Halifax: “I have learnt a lot in the last few days, but I don’t want to give up all hope that one day a dialogue will be possible with the Germans.”
Masaryk: “Once they rule Europe, then yes—until then, only an armed dialogue is possible.”
—You think so?
—I am convinced of it.
—I am new to the job. I only perceived it from a distance before, and even when I went to Berchtesgaden, I did not realize how complicated the situation was, as I do now. I understand, though, that Goering has assured Mastný [the Czechoslovak ambassador in Berlin] that they are not planning anything against Czechoslovakia. What value do you ascribe to that?
—It is momentarily true. Even the boa constrictor, when it has eaten, needs a few weeks of digestion, and today’s feast is worthy of Lucullus.
—You are probably right. You said you need some gesture of moral support. I would very much like to help you, but I don’t know what I can do.
Halifax was a conservative peer, Eton-and Oxford-educated, whose long political career had taken in various ministerial posts but whose only overseas stint had been as viceroy of India. He owed his elevation to the desire of his prime minister, Neville Chamberlain, to retain a more direct line of control over foreign policy. His predecessor as foreign secretary, Anthony Eden, had resigned a month before under a cloud, creating a vacancy for a less experienced and therefore more amenable candidate to the post.
Masaryk embodied his small nation’s twentieth-century tribulations. The son of Tomáš Garrigue Masaryk, a founding figure of the republic, Jan had been a headstrong youth. Before the First World War, he had emigrated to the United States, leading a penniless existence. On his return he was drafted into the Habsburg armies, where he rose to the rank of lieutenant and earned a medal of valor. After the Great War, with his father now president of a new Czechoslovakia, Masaryk embarked with fresh energy on a diplomatic career. Thanks to his adventures in the US and a brief marriage to an American woman, he boasted a “fantastic command of any and all shades of the English language; of nuance and argot and profanity and slang in either British or American idiom.” Sometimes nicknamed the “Playboy of the Western World,” he could be at once charming, restless, and plainspoken. It is perhaps this last trait that was most apt to appeal to the hesitant but austere, high-Anglican British lord who was his interlocutor.
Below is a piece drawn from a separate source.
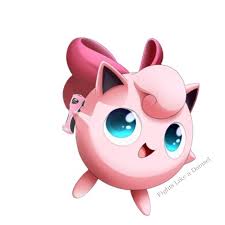 Are You Safe While Playing Pokemon Go Are Your Kids Jigglypuff Damselindefense Dessin Pokemon Dessin Kawaii Anniversaire Pokemon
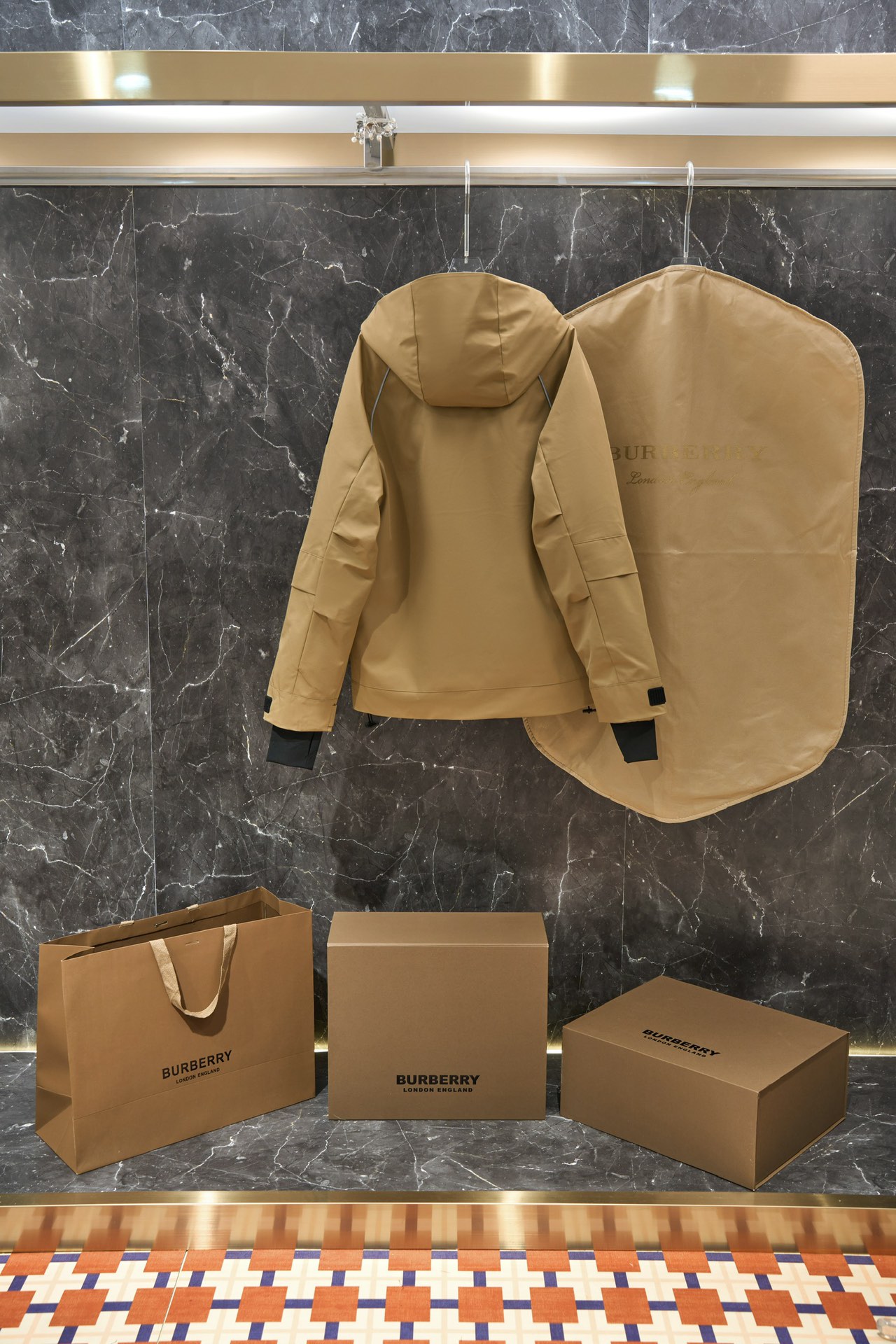 Burberry Down Jackets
Czechoslovakia’s motto was “The truth prevails,” taken from the fifteenth-century religious martyr Jan Hus. “The truth prevails, but it can be such a chore,” Masaryk liked to joke. Would it prove a chore to recruit Halifax to the Czechoslovak cause? In November, still in a private capacity, he had visited Berlin and Berchtesgaden. The pretext was a hunting exhibition given in the German capital. Feted by Nazi dignitaries, the future foreign secretary had posed in front of giant pairs of antlers and reveled in the award of the nickname “Lord Halalifax,” after the hunting cry. The visit to Hitler’s mountain residence had been more awkward: the Führer, who felt a strong sympathy for animals, had raged about the hunting show and the pastime itself in equal measure and sarcastically proposed to “spare ourselves all bother and make a comradely expedition to a slaughterhouse.” Behind his back, he called his visitor “the English Parson.” Yet Halifax had at least been able to convey, privately, the message he was sent to deliver: “Danzig, Austria, Czechoslovakia […] we were not necessarily concerned to stand for the status quo as today, but we were concerned to avoid such treatment of them as would be likely to cause trouble. If reasonable settlements could be reached with the free assent and good will of those primarily concerned we certainly had no desire to block.” In other words, after twenty years of stability, the door to frontier revision stood open.
The C.zechoslovak republic was born in the last days of the First World War, as the Habsburg Empire, having sued for peace, was crumbling. On 28 October 1918, a cross-party national council took control and proclaimed independence in Prague. Revolutionary takeovers followed across the country. Two days later, the same happened in Slovakia, where another group of representatives proclaimed its union with the Czechs in the small town of Turčiansky Svätý Martin. Within a month, the merged councils had established themselves as a provisional parliament and written a constitution. Abroad, a government in exile under the philosopher and politician Tomáš Masaryk and his close associate Edvard Beneš had won Allied backing. By the end of the year, the new parliament had elected Masaryk as the republic’s first president.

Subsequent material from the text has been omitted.